▸ **Exercise goal**
In the material below, tally the lines that include the string "Dress", then write down only the total.

▸ **Record extracts**
■ ■ ■ ■ ■

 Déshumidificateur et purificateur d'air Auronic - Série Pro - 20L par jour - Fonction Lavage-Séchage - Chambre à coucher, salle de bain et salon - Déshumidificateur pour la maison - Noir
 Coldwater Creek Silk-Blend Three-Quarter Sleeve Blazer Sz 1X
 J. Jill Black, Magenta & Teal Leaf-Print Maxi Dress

■ ■ ■ ■ ■

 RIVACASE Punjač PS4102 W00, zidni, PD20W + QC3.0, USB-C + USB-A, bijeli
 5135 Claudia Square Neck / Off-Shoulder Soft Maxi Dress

■ ■ ■ ■ ■

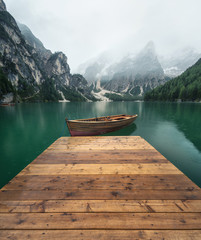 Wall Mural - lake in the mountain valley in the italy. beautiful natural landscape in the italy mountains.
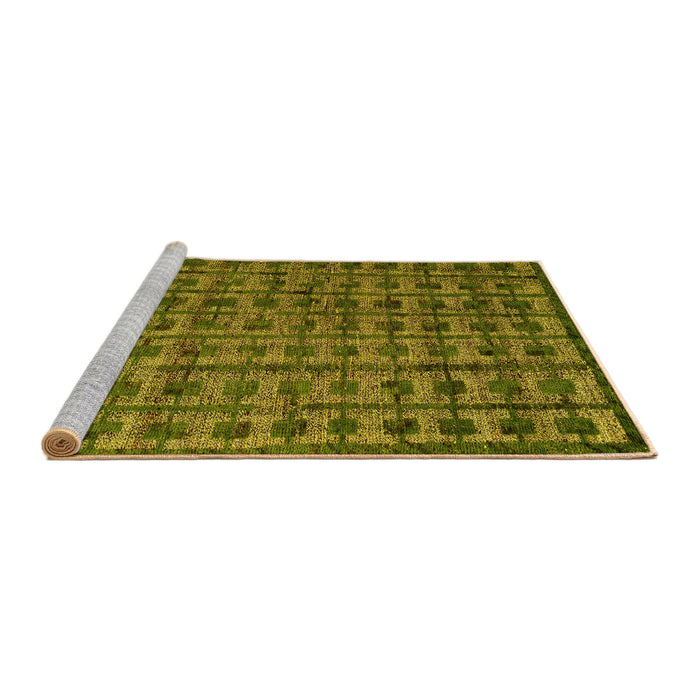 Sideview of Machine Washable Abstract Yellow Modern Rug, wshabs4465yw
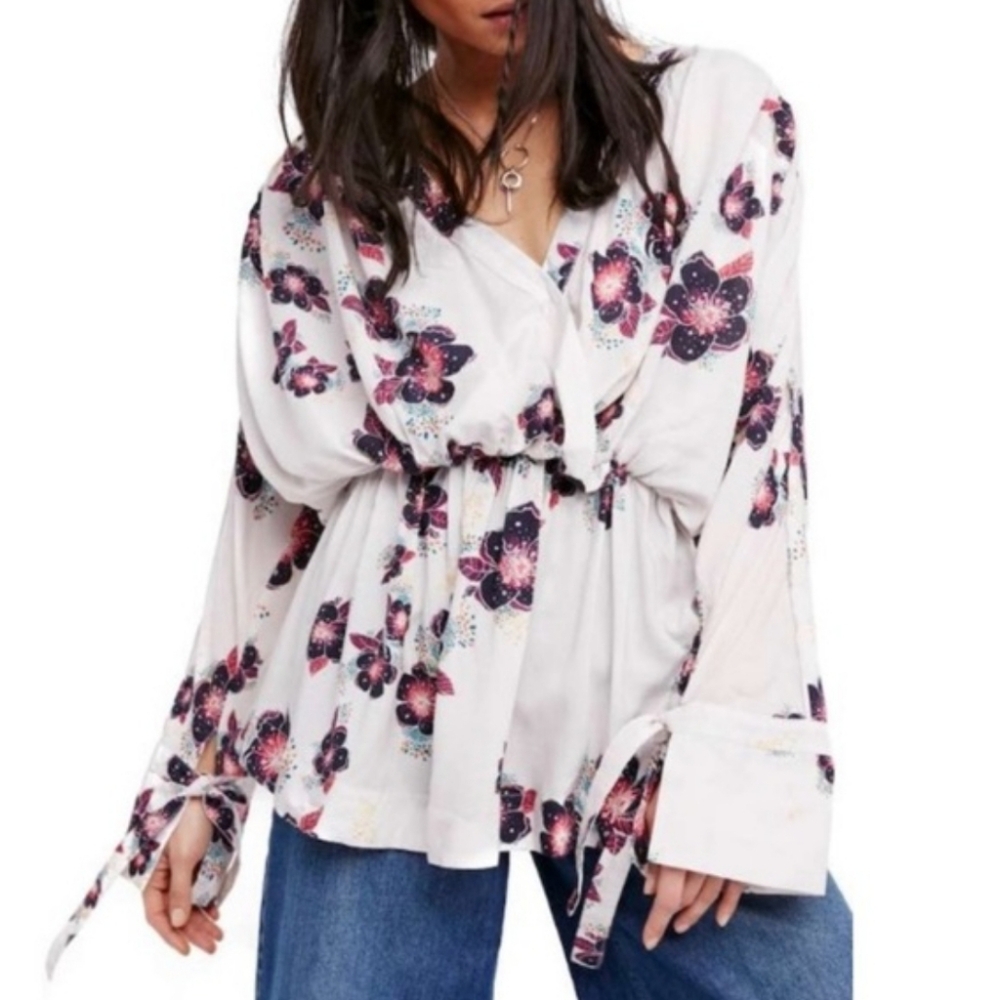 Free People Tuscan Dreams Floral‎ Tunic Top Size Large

■ ■ ■ ■ ■

▸ **Answer box**
2